Article by Hayley Usedom, Education Coordinator, Marine Science Institute

What is a watershed? In September 2014, when local students were asked that question, Marine Science Institute (MSI) educators received answers ranging from “I don’t know” to “a shed full of water.” Given the proximity of our communities to major bodies of water, it is important for Bay Area students to have a thorough understanding of watershed systems. Thanks to a Bay Watershed Education and Training grant awarded to MSI by the National Oceanic and Atmospheric Administration, all of the sixth graders at Kennedy Middle School in Redwood City  are participating in a yearlong in-depth watershed program, Student Stewards of Redwood Creek Watershed (SSRCW).  Using an EnviroScape watershed model, students have learned what a watershed actually is, explored the flow of water through a watershed, and discovered what happens to point source and nonpoint source pollution in a watershed.

Perhaps you still find yourself wondering, “Well, what is a watershed?” In short, a watershed is an area of land in which water drains or “sheds” into tributaries and larger bodies of water. However, the students in SSRCW are not learning about watersheds in general terms.  By virtue of living in Redwood City, they happen to live in the Redwood Creek watershed, which is the focus of their curriculum. Redwood Creek begins in the Woodside Glen neighborhood just south of Highway 280 below the terminus of Farm Hill Boulevard. It then passes through the Menlo Country Club. Around Broadway Street, Arroyo Ojo De Agua, a primary tributary, meets Redwood Creek underground. Arroyo Ojo de Agua flows through Stulsaft Park, home to endangered rountain thistle. Near Alameda del Las Pulgas, Arroyo Ojo de Agua runs through a concrete channel to El Camino Real, where it is briefly exposed to open air before it enters underground culverts in downtown Redwood City. The creek flows under Highway 101 and becomes a tidal channel. Sloughs, mudflats, and marshes are all located in this area. Water from the Redwood Creek watershed spills out into the San Francisco Bay Estuary–also the endpoint for water from  approximately 40% of California’s watersheds.
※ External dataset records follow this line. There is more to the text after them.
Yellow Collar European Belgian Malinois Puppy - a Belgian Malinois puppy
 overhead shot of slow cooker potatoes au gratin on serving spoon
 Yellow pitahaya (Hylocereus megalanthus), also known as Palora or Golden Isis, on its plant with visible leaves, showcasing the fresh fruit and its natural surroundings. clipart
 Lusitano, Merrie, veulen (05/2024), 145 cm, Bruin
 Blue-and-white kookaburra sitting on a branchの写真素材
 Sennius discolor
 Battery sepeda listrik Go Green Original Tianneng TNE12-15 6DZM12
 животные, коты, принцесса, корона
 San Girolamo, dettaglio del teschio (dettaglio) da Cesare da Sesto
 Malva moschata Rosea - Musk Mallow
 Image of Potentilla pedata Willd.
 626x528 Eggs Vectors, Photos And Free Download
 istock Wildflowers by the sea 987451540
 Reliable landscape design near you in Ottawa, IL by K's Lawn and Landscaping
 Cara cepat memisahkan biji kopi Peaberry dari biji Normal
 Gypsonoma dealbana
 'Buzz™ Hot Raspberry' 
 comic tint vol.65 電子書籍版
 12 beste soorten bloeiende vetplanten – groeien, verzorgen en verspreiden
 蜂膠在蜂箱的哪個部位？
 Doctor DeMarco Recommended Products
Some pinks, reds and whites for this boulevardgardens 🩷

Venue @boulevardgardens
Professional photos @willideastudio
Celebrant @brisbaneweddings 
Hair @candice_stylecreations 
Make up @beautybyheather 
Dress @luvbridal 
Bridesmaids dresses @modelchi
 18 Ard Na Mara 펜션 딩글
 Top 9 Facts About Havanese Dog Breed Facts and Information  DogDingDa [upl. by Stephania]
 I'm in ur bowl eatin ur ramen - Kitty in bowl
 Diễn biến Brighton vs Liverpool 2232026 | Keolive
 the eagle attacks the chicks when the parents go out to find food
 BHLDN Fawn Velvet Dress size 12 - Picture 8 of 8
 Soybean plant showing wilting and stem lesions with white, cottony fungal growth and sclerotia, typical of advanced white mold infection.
As part of the grant, Kennedy Middle School students have adventured to different parts of their watershed to get up close and personal with the ecosystems. For many students, canoeing has been a favorite activity. Most students had not been on the water before, and had a fun (and sometimes frustrating) time learning how to paddle. Working as a team, they were able to venture out into the slough and get a closer look at marshes. Students took hydrology data. They learned to use equipment that tests pH, turbidity, temperature, phosphate, dissolved oxygen, density and salinity, and to understand the results in the context of a healthy bay. They also visited Stulsaft Park in fall, winter, and spring to check the health of the tributary that is just down the street from their school.

Students are not just learning about watersheds, but also about how they can be stewards of their community. A great way to be a steward of your community is to share knowledge. Kennedy students are picking up trash from Stulsaft Park and sending the data to San Mateo County Environmental Health Services. They are also learning from high school students in Redwood City. The Redwood Environmental Academy and Leadership (REAL) program matches high school students with middle school students, and focusing on teaching academic and leadership skills through hands-on service projects related to the environment. The high school students mentor the sixth graders during some of the field trips and help them build watershed models. Not only are these high school students sharing through mentorship but they also educated teachers in February at the Council of Math/Science Educators of San Mateo County’s 39th annual STEM Conference. REAL students taught a hands-on activity that demonstrated how to build, structure, and implement a watershed model in the classroom.  SSRCW and REAL programs have provided opportunities for students to become teachers and for teachers to learn from their students.

To see these watershed adventure activities online, visit MSI’s YouTube page.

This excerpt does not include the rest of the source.